Hi @JiahaoHuang99, @JiahaoHuang99 and @saifullah3396,
Yes if the amount of degradation is less, i.e. we have enough signal to restore the image, neither the noise based diffusion models nor any other restoration based diffusion models require multiple steps of UNet if it is good enough. However, as you mentioned if the UNet is not good enough, one can use the sampling method proposed in the paper and improve on their restoration. We specifically discuss restoration in section 4 of the paper for various degradations. Infact in some cases like mnist one generates a whole new number. However the section 4 is not about generation but indicates that one can use them for generation.

However the generation using other degradations is discussed in the section 5 of the paper. In this section we degrade the images not just to a stage where enough signal is present but to the stage where almost no information is left to reconstruct the whole image. This is exactly like the case of noise-based diffusion models, where at T=1000 we have no information regarding the original image. For example in the case of blur, we blur images to the extent only single value is present in each channel, in the case of animorphs we degrade them to the extent that final image is just the animal, and so on. Hence in this situation the 1-step of UNet is not good to reconstruct the images. I will refer figure 17, where we clearly show how generation using one step of UNet looks different from the one via sampling.
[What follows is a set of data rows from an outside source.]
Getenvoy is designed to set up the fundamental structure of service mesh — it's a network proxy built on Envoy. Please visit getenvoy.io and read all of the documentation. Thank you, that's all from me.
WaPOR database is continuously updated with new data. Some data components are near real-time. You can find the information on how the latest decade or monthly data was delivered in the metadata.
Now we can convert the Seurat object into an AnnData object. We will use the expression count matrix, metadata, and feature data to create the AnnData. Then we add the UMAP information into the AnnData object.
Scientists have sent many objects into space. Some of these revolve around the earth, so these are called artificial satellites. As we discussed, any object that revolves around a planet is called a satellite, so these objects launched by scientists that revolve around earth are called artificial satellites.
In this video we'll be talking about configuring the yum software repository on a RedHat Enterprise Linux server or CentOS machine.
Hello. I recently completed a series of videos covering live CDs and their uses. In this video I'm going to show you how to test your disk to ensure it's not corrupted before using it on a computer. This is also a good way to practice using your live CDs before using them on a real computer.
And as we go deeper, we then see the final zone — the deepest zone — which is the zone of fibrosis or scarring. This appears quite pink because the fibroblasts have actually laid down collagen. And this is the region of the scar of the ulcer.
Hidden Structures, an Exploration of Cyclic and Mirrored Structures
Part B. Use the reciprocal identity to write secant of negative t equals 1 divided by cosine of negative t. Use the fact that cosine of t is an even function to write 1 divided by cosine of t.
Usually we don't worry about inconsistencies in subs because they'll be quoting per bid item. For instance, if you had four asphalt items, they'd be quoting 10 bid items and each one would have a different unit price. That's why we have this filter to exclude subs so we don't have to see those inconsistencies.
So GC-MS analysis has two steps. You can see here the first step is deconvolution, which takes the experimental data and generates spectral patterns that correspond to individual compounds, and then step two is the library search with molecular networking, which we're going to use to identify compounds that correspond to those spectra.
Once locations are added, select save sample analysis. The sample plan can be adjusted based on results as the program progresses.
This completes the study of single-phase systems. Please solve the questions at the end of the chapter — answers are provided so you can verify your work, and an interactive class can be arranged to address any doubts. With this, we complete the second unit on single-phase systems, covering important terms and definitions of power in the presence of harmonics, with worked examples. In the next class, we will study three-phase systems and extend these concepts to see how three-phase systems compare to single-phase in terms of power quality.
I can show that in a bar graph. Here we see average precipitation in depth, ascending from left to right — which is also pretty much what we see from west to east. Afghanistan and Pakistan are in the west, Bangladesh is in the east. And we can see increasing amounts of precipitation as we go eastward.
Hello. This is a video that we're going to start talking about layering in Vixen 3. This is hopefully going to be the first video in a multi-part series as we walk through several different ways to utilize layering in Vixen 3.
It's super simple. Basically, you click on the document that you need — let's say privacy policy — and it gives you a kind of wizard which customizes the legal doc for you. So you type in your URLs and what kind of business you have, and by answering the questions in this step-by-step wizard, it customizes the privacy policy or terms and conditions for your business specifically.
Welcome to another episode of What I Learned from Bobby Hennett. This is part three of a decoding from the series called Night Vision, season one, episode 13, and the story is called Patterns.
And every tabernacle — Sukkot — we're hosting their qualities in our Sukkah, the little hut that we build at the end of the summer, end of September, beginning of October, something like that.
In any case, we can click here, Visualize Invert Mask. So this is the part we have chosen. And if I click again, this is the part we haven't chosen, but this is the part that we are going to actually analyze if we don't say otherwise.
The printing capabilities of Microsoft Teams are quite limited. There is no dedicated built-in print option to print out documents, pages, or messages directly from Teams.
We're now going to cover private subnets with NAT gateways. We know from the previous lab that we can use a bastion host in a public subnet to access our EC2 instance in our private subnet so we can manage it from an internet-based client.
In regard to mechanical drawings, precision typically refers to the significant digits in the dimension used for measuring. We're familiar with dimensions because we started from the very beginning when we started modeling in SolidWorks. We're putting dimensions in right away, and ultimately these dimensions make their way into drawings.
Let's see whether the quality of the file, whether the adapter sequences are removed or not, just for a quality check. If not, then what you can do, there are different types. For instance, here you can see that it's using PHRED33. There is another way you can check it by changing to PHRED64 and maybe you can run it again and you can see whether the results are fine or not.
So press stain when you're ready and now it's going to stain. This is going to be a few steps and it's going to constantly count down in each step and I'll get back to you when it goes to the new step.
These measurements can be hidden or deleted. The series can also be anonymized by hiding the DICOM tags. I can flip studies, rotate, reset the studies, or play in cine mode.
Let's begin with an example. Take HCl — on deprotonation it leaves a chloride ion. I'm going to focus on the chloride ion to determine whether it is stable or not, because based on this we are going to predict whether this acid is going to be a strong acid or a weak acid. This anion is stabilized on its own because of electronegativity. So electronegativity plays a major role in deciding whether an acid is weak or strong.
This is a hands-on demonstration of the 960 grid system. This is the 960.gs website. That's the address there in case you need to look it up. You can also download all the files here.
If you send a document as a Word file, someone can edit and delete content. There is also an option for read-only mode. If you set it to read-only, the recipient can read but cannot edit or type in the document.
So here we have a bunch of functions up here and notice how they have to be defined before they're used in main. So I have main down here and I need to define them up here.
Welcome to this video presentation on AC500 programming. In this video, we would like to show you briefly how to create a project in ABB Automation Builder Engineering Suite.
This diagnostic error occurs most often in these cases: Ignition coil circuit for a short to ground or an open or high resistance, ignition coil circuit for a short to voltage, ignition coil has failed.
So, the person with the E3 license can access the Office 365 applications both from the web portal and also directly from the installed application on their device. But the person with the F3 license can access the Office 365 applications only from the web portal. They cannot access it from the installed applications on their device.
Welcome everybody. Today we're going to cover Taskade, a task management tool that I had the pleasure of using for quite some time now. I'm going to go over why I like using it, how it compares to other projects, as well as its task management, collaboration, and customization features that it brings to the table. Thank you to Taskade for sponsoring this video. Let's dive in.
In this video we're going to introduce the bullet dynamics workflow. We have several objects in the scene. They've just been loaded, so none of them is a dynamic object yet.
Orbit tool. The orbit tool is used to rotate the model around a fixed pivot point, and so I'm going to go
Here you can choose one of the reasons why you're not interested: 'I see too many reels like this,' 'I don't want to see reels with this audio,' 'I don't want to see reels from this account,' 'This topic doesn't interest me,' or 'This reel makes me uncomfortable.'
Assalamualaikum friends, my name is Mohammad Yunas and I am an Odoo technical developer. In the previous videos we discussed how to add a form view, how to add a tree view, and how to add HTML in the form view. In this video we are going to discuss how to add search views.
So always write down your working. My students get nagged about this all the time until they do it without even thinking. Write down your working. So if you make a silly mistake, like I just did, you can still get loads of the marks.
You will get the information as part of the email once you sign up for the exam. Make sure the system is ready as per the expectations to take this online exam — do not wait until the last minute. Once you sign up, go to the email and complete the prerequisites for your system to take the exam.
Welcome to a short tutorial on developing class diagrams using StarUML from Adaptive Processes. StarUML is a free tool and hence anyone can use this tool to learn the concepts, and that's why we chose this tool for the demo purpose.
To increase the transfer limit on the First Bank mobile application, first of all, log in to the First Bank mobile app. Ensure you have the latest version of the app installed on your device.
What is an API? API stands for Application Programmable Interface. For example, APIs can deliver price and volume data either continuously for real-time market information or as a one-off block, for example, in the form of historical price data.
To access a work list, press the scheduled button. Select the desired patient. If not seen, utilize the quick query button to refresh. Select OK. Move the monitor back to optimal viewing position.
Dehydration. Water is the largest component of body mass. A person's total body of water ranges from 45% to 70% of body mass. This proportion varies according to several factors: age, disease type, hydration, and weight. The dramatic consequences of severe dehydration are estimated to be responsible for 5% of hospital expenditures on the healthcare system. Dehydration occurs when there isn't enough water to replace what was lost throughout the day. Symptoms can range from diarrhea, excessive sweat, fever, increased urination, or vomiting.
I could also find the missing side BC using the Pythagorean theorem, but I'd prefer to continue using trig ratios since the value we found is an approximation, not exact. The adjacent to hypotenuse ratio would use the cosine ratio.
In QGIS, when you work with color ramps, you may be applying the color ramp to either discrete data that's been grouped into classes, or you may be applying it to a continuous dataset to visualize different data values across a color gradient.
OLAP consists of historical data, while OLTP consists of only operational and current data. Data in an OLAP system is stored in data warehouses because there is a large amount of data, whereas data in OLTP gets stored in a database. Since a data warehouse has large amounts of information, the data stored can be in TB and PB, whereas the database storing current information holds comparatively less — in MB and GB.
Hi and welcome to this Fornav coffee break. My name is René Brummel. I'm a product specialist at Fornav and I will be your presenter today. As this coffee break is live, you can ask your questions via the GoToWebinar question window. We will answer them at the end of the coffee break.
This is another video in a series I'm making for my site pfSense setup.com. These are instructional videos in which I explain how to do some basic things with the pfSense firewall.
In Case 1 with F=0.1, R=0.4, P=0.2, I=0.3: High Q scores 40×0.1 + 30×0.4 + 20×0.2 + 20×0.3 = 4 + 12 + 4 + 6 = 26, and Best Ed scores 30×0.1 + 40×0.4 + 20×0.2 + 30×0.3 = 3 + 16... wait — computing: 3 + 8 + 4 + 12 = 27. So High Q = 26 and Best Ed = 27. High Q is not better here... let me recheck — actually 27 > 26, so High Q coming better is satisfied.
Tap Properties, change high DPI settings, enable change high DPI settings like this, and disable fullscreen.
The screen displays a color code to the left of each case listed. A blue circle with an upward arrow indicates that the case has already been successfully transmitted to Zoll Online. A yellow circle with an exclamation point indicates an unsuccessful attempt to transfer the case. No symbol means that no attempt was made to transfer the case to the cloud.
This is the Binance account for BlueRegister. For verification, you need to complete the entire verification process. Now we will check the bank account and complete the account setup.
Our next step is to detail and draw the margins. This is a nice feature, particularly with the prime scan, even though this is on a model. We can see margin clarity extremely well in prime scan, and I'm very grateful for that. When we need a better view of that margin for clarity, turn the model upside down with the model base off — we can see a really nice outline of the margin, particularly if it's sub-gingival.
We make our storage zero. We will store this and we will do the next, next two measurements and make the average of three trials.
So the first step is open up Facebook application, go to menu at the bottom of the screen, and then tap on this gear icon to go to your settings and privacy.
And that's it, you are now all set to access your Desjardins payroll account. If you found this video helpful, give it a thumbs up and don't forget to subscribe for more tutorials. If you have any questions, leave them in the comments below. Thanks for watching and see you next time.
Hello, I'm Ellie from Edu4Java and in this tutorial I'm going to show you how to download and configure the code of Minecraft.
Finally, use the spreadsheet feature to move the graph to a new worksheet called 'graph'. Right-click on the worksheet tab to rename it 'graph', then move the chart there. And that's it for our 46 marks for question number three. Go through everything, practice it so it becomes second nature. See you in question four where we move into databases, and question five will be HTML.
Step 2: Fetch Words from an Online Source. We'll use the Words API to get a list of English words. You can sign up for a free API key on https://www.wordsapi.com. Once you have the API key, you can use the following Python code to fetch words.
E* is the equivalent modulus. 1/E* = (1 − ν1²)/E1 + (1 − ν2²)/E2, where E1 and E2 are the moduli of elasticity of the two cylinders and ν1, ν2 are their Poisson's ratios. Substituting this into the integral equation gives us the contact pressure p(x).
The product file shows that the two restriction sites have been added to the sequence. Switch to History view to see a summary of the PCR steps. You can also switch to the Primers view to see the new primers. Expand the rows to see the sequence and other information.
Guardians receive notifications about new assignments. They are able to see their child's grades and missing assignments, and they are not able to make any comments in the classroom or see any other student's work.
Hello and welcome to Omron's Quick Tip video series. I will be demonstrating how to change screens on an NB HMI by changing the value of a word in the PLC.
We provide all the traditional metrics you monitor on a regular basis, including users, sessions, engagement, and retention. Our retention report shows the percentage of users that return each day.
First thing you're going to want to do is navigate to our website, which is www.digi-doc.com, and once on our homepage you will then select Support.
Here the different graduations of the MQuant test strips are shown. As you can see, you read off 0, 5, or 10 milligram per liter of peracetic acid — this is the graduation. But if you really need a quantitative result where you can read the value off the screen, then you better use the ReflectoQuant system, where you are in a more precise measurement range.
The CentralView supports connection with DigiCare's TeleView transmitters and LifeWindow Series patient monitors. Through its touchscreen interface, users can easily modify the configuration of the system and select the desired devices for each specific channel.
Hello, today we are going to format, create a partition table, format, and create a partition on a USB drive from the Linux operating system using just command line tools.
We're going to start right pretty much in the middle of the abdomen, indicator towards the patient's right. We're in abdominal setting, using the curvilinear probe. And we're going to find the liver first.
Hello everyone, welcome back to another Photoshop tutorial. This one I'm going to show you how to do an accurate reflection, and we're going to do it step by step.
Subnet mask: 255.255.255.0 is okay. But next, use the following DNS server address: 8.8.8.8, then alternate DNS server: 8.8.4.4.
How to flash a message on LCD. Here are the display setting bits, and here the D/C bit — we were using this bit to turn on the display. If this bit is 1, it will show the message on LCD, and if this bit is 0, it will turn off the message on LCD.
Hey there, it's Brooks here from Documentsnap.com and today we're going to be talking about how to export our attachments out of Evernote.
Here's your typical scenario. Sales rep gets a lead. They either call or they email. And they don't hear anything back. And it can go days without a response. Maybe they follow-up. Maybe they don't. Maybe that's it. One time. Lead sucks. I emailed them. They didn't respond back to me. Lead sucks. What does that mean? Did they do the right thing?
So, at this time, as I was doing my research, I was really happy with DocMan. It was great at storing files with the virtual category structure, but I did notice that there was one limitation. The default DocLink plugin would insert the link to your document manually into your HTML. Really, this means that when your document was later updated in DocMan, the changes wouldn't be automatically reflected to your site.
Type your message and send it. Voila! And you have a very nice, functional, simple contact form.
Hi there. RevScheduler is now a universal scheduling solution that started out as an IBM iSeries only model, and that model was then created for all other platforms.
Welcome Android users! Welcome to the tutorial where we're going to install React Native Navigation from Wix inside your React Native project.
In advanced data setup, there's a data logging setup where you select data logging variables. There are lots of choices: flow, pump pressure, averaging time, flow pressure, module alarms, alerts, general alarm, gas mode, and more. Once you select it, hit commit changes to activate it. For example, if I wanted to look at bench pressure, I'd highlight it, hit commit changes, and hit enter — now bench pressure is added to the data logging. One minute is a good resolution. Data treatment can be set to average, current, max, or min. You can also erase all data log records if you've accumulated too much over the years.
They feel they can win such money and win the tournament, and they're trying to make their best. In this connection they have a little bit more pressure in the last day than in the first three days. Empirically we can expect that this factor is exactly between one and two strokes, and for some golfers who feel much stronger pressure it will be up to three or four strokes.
This is exactly analogous to noise-based diffusion models where the first step produces a blurry image.

@saifullah3396 Can you please expand further on "This makes me think the model ends up just using the noising as a way to augment the inputs in various ways to become more generalized but overall if we can just use 1 step, I don't know if we can even consider this to be a 'diffusion model' anymore. "
To make it more clear, the "diffusion model" essence is from the fact that the noise based diffusion models do not generate an image in the single step and required multiple steps, which allows them to insert high frequency signals. Similarly, we show in section 5 the same phenomenon where for other degradations as well one can generate an image using multiple steps, using our proposed sampling algorithm. Figure 17, further shows how single step looks vastly different from the one step of UNet.

Hi @arpitbansal297 thank you very much for a detailed clarification on that! :)

I think when you mention the animal to human conversion it makes a lot of sense. I understand that the process itself is exactly like basic noisy diffusion which is why I liked this idea a lot because often times we aren't really dealing with gaussian noise. But do you think that even if we can get the output with a single step, it can still be considered diffusion? (this is what i meant by what i said. My comment was only in case if we can restore image with a single step)
Like for example a single step simply means applying the unet forward pass so if that is possible for our scenario do you think a simple image to image translation with a basic unet should be able to capture the same distribution? Or do you think the forward diffusion during training still holds importance in that case even if your model can restore the image in a single step?

I am just more confused as to why a single step works. Is it simply the restoration is too easy? Or could there be some more complex reasoning behind it? Also does it mean that if we apply gaussian noise only to a small magnitude it could also be removed in a single step in the same manner?

Hi @saifullah3396
In the case of restoration discussed in the section 4 where enough information is present, yes single step works well enough and the only benefit of using unet multiple times is to just improve the quality. And yes in this case it's not exactly a diffusion model as one is not generating an image but restoring it. And yes it's same for noise as well, i.e. for small noise one step of Unet is good enough, we show this in the Appendix.
The simple reason one step works in section 4 is that degraded images have enough information to be reconstructed in one step.

However, in section 5 where we discuss cold generation, the single step is not good at all. However if one still gets a perfect image in step itself, even then one can use multiple iterations just to refine it (as shown in consistency models by OpenAI).